Zira aklını ve düşünce yöntemini bilmediğimiz bir yapıyı anlayıp, ne dediğini çözmemiz zordur. Her defa aynı oyuna geliriz de her defa şaşıp, apışıp kalmaktan kendimizi alıkoyamayız. Oryantalizm Hasan Sabbahı'ı 3H ile imgeleştirtir. Haşhaş, Hançer ve Hasan Sabbah; İlk olarak, Hasan Sabbah doğulu bir depsot diktatör olarak kendisi siyasete bulaşmış terörist yöntemler uygulayan biriydi. Negatifler retoriği denilen bir yöntem işletiliyordu burada. Müslüman bir imgenin yanında olumsuz bir unsur yerleştirilerek olumsuz bir algı kurgulanıyordu. Tıpkı elinde bıçağıyla tekbir getirerek kafa kesen DAEŞ elemanları gibi. Tekbir ve yanında bıçak alın size tadından yenmez bir negatif retoriği; durumun konuşup söyleme dönüştüğü fragmanlarla verilen mesaj. Sonra Hançer; Doğu despotizminin kurgulandığı bir terör imgesi.
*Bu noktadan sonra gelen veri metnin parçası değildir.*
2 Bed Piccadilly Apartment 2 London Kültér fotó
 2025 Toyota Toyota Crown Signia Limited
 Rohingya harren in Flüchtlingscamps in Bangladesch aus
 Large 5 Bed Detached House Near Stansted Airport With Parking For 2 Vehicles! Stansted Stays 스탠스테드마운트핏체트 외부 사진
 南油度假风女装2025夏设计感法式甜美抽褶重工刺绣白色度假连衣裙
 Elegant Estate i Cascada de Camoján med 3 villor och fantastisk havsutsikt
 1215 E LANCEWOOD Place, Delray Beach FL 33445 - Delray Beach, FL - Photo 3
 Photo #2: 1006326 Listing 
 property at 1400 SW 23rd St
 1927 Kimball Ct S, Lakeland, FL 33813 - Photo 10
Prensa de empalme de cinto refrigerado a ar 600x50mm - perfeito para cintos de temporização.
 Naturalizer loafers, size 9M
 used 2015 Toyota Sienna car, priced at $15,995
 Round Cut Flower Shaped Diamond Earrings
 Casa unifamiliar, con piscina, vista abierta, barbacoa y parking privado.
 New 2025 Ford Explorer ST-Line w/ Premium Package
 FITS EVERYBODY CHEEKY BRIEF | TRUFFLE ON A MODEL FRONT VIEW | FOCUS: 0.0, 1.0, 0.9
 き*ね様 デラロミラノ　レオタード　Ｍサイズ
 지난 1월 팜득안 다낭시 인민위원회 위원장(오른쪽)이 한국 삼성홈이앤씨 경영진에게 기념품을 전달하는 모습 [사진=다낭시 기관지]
Kültürel özcülük denilen bakış açısına mahkum edilen İslam ve Müslüman imajı. Öldürmekten haz duyan, cennet bekleyen, kan sevici ve cihadist bir imaj bu. Elleri kitap tutmazdı bu adamlar, hançer illa da hançer isterlerdi. İnsanlığa verecekleri ne olabilir ki. Son olarak Haşhaş; egzotik doğuya dair bir imaj, metafor olarak din ile efsunlanan ve eli kanlı caniye dönüşen insanların sihirli iksiri.

Bu yolla Fiziksel bir gerçeklik oluşturuluyordu Doğuya dair. Doğu eşittir bu 3H'dir. Hülasa, kurgusal Haşhaşilik imgesinin muhtevasında doğu despotizmi ve diktatörizmi, egzotik bir mekânda kitlelerin efsunlanması yoluyla suikastçı katile dönüşmesi, hem de modern zamanda İslam'ın karartılması ve İslamofobik bir imajın oluşması vardır.

Kim olursanız olun Müslümansanız asırların birikimi olan bir referans zinciri ile kurgulanan bu gerçekliğin muhatabı olmaktan kurtulamazsınız. Sylvester De Sacy'den Bernard Lewis'e yürüyen bir retorik savaş, bir yamuk bakış. Tarihi gerçeklik olarak Hasan Sabbah bir vakıa iken, kurgulanmış bir gerçeklik olarak bambaşka bir vakıadır. İkisi de sorunlu ikisi de tartışılması gereken durumlardır.

1964'te Filistin Kurtuluş Örgütü'nün kurulmasından üç sene sonra 1967'de Haşhaşiler kitabını yazan Bernard Lewis'in “Batı'nın Müslüman Ortadoğu'yu istikrarsızlaştırmak ve yeni Siyonist Haçlıların fethine açmak için, İsmailî Haşişîlerin modern bir muadilini yaratmak gerektiğini savunması”nı bu çerçevede okuyan genç irkilir.

Bu DAEŞ denen şeye dair bir şeyler sezmeye başlar, PKK denilen kanserin anlamına dair yeni izler belirir zihninde. 11 Eylül'ün sonrasında Haçlı Seferi söylemlerinin bir dil sürçmesinin ötesinde bir şeyler olabileceğini zannetmeye başlar.  

Olayın bir yönü burada bizim hiç mi suçumuz yok. Her şeyin dışarıdan bir şeylere bağlayıp iradesiz ve idraksiz bir sürü olduğumuzu itiraf etmiş olmuyor muyuz?

Paranın ve gücün yozlaştırıcı etkisinin fersudeleştirdiği bir esriklik haliyle içimizde çürüyen bir şeyleri fark edemiyor muyuz?

AVM'lerin gölgesinde kapitalist güç bizi kendileştirirken kendimizi aramak iddiası ironik olmuyor mu?

Biz bir ahlakın tarihinin çocuklarıyız; ne ırk, ne iktisat endişeleri ahlakımızı sarsamaz diyen Nurettin Topçu'ya kulak vermek çok mu zor?

Ya oryantalist imgenin kurguladığı tarihin bir parçası olmaya devam edeceğiz ya da biz olarak kendimize geleceğiz.

İsmet Özel'e bitirelim: Mataramdaki suya tuz ekledim, azığım yok uzun yola çıkmaya hüküm giydim.